Alertmanager Configuration

# alertmanager/alertmanager.yml
global:
  resolve_timeout: 5m

route:
  group_by: ['alertname', 'severity']
  group_wait: 30s
  group_interval: 5m
  repeat_interval: 4h
  receiver: 'slack'

  routes:
    - match:
        severity: critical
      receiver: 'slack-critical'
      repeat_interval: 1h

receivers:
  - name: 'slack'
    slack_configs:
      - api_url: 'https://hooks.slack.com/services/YOUR/WEBHOOK/URL'
        channel: '#monitoring'
        title: '{{ .GroupLabels.alertname }}'
        text: '{{ range .Alerts }}{{ .Annotations.description }}{{ end }}'

  - name: 'slack-critical'
    slack_configs:
      - api_url: 'https://hooks.slack.com/services/YOUR/WEBHOOK/URL'
        channel: '#critical-alerts'
        title: 'CRITICAL: {{ .GroupLabels.alertname }}'
        text: '{{ range .Alerts }}{{ .Annotations.description }}{{ end }}'

Grafana Dashboard Provisioning

Auto-configure Grafana to connect to Prometheus on startup:

# grafana/provisioning/datasources/prometheus.yml
apiVersion: 1
datasources:
  - name: Prometheus
    type: prometheus
    access: proxy
    url: http://prometheus:9090
    isDefault: true
    editable: false

For dashboards, import the community Docker dashboard (ID: 193) from Grafana.com, or the cAdvisor dashboard (ID: 14282). These provide pre-built visualizations for all the key container metrics.

Useful Prometheus Queries (PromQL)

Here are PromQL queries you'll use frequently when building dashboards or debugging issues:

# CPU usage per container (percentage of one core)
rate(container_cpu_usage_seconds_total{name=~".+"}[5m]) * 100

# Memory usage per container
container_memory_usage_bytes{name=~".+"}

# Memory usage as percentage of limit
(container_memory_usage_bytes{name=~".+"} / container_spec_memory_limit_bytes{name=~".+"}) * 100

# Network received bytes per second
rate(container_network_receive_bytes_total{name=~".+"}[5m])

# Network transmitted bytes per second
rate(container_network_transmit_bytes_total{name=~".+"}[5m])

# Disk reads per second
rate(container_fs_reads_total{name=~".+"}[5m])

# Number of running containers
count(container_last_seen{name=~".+"})

# Top 5 containers by CPU usage
topk(5, rate(container_cpu_usage_seconds_total{name=~".+"}[5m]) * 100)
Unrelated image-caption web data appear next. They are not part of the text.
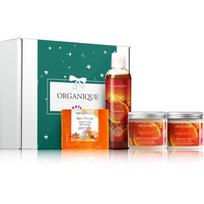 Organique Gift Set Cozy Winter Spice kalėdinių dovanų rinkinys kūnui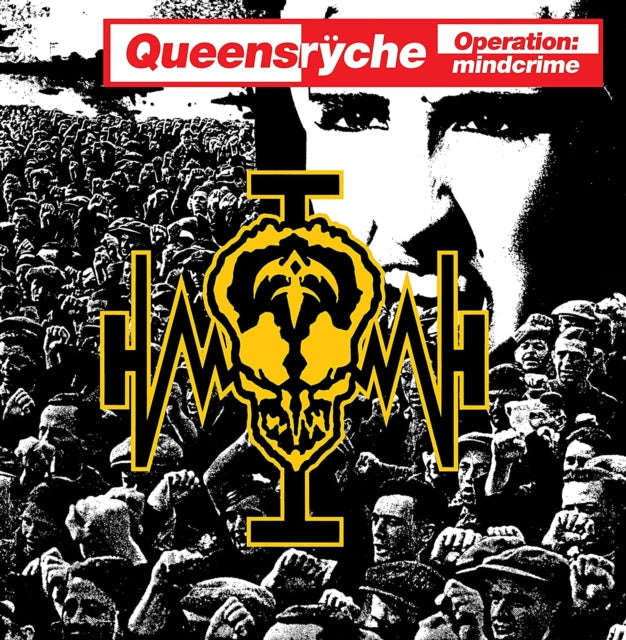 Queensryche - Operation: Mindcrime (Vinyl)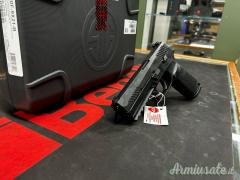 SIG-Sauer P320 9x21mm IMI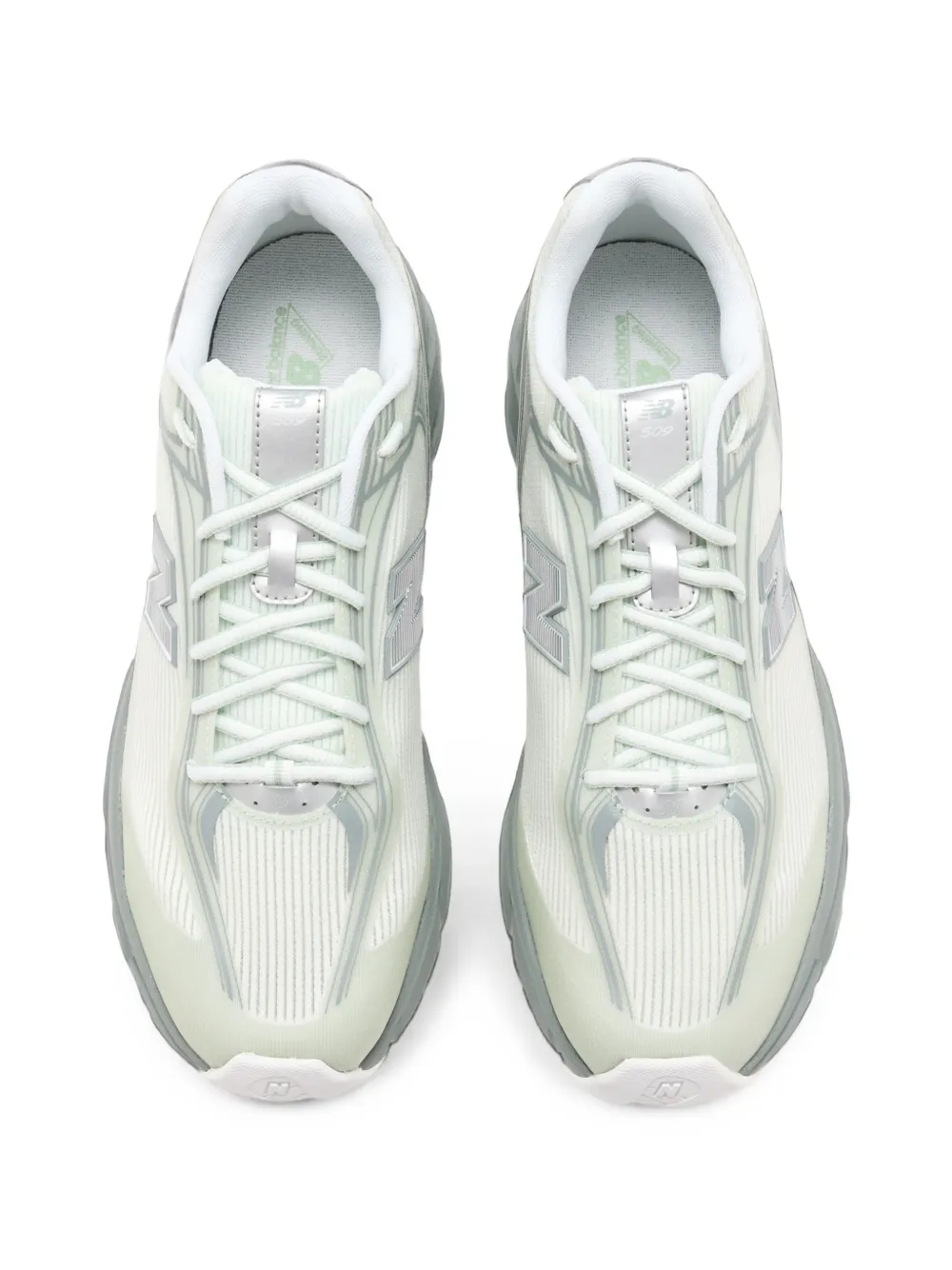 New Balance 509 mesh sneakers Wit
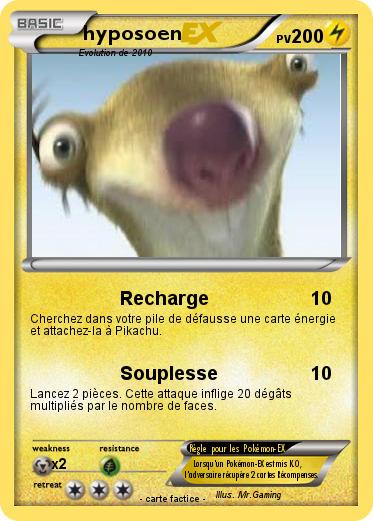 Pokemon hyposoen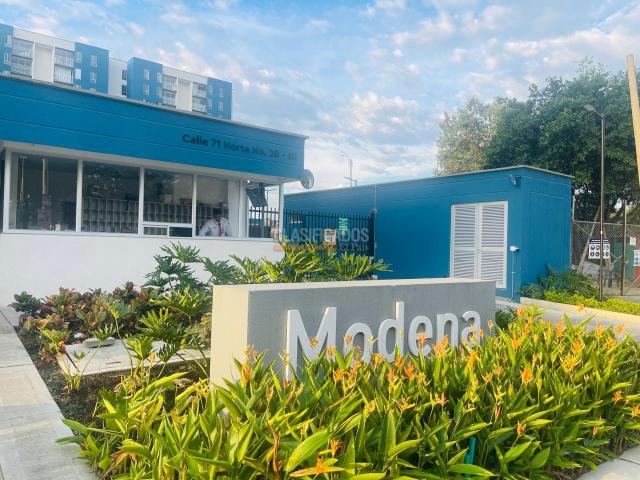 Apartamentos, Alquiler en Brisas de los Álamos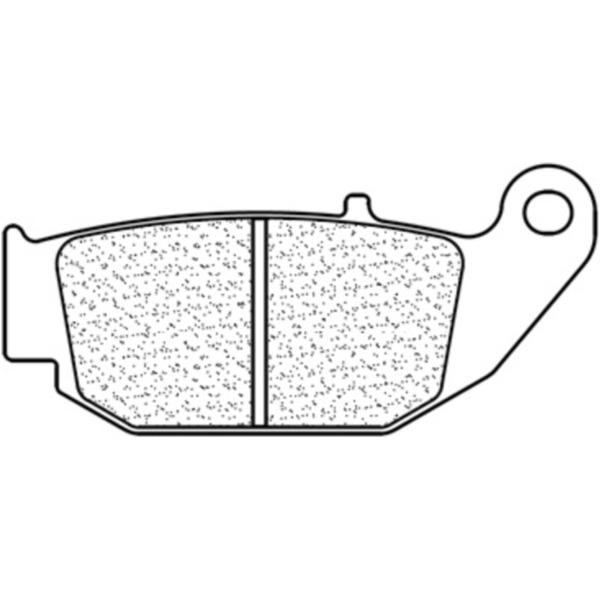 CL BRAKES Street Sintered Metal Brake pads - 1259RX3 for Honda CB125R, CB300R, CBR125R Suzuki GSX-R125, GSX-S125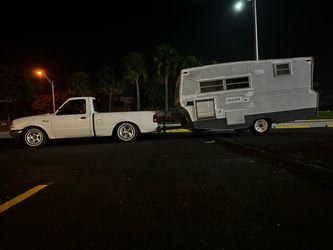 1996 Ford Ranger
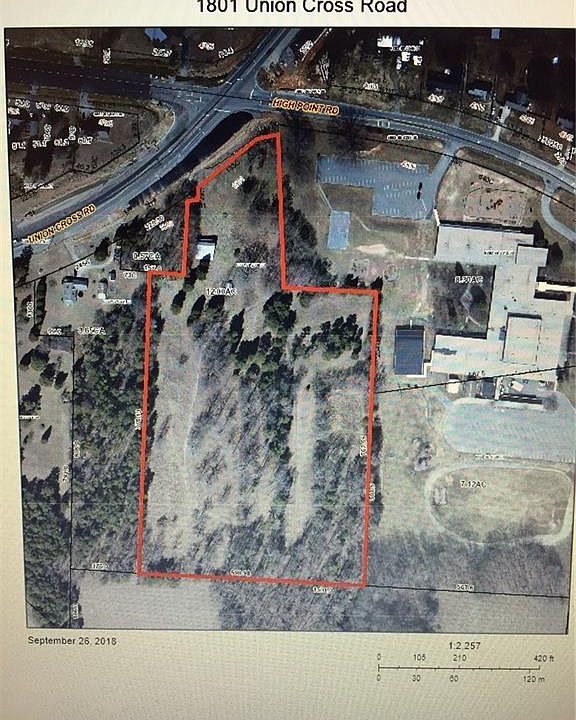 2nd image of 1801 Union Cross Rd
# Top 5 containers by memory usage
topk(5, container_memory_usage_bytes{name=~".+"})

Lightweight Alternatives

The full Prometheus + Grafana stack is powerful but might be overkill for a single-server setup. Here are lighter alternatives:

Built-in Docker Management Platform Monitoring

Docker management platforms like usulnet include built-in resource monitoring. You get CPU, memory, network, and disk metrics for every container directly in the management UI, no additional tools needed. This is often sufficient for small to medium deployments.

Glances

Glances is a system monitoring tool with Docker support. It's lighter than the full Prometheus stack and provides a web UI:

docker run -d \
  --name glances \
  --restart=unless-stopped \
  -p 61208:61208 \
  -e GLANCES_OPT="-w" \
  -v /var/run/docker.sock:/var/run/docker.sock:ro \
  nicolargo/glances:latest

ctop

For a terminal-based experience, ctop provides a top-like interface for containers:

# Install
sudo wget https://github.com/bcicen/ctop/releases/latest/download/ctop-linux-amd64 -O /usr/local/bin/ctop
sudo chmod +x /usr/local/bin/ctop

# Run
ctop

Monitoring Best Practices

  1. Monitor the monitoring. If Prometheus goes down, you won't get alerts. Set up a simple external check (like Uptime Kuma or a cron + curl) to verify your monitoring stack is running.
  2. Set retention policies. Prometheus data grows fast. Set --storage.tsdb.retention.time=30d to automatically expire old data.
  3. Use recording rules for frequently computed queries. This pre-computes the result and makes dashboards load faster.
  4. Don't alert on everything. Alert fatigue is real. Only alert on conditions that require human intervention. Use dashboards for everything else.
  5. Label consistently. Use consistent labels across containers (environment, service, team) so you can filter and group metrics effectively.
  6. Monitor resource limits, not just usage. A container using 200 MB of memory is fine if the limit is 1 GB, but critical if the limit is 256 MB.
  7. Set up log aggregation alongside metrics. Metrics tell you something is wrong. Logs tell you why. Consider adding Loki (by Grafana Labs) to your monitoring stack for log aggregation.
Quick win: If you're just getting started with monitoring and don't want to set up the full Prometheus stack, deploy usulnet for built-in container monitoring alongside management. You can always add Prometheus + Grafana later when you need historical data and custom dashboards.

Conclusion

Docker monitoring isn't a nice-to-have; it's a requirement for any production deployment. Start with docker stats to understand your baselines, then graduate to the Prometheus + Grafana stack as your needs grow. The key is to start somewhere: even basic monitoring is infinitely better than none.

Set up alerts for the conditions that actually matter (container down, high memory, disk space), build dashboards for the metrics you check regularly, and resist the urge to alert on everything. Your on-call rotation will thank you.